* WHAT THE EXERCISE ASKS *
This exercise asks for the entries to be repeated exactly, without their images.

[DATA FOR THE TASK — start]

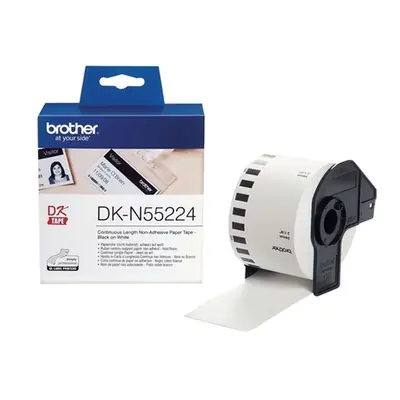Naljepnica Brother label DKN55224 54mm x 30.48m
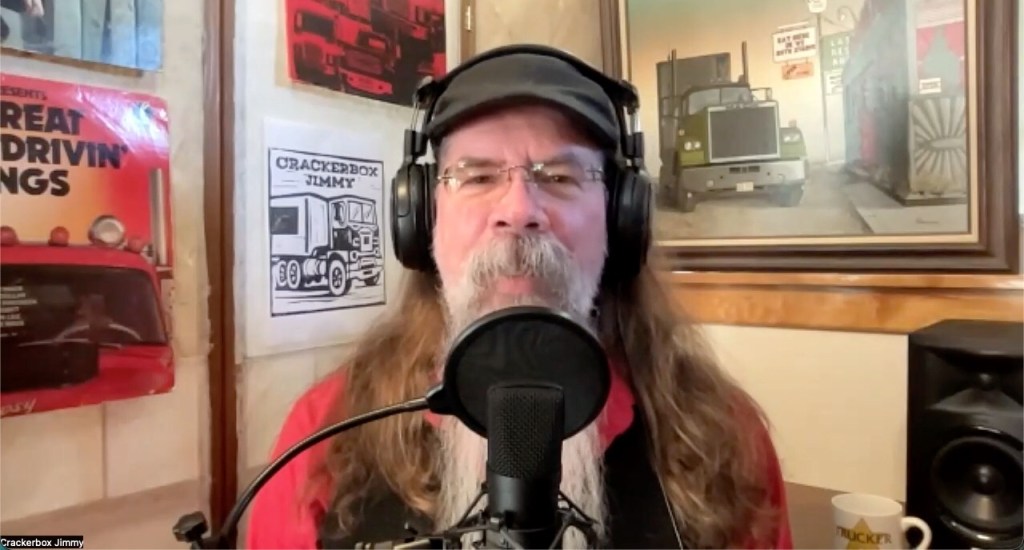 Crackerbox Jimmy Announced as New Preferred Artist on Lead Pedal Radio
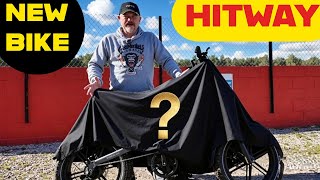 New bike reveal! The impressive Hitway BK28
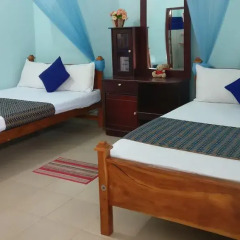 Golden Park Hotel Стандартный номер с различными типами кроватей фото 4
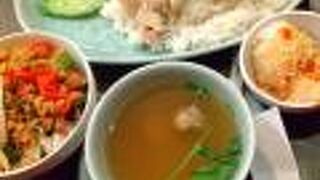 人気タイ料理屋さん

[DATA FOR THE TASK — finish]

* ANSWER *
Naljepnica Brother label DKN55224 54mm x 30.48m
 Crackerbox Jimmy Announced as New Preferred Artist on Lead Pedal Radio
 New bike reveal! The impressive Hitway BK28
 Golden Park Hotel Стандартный номер с различными типами кроватей фото 4
 人気タイ料理屋さん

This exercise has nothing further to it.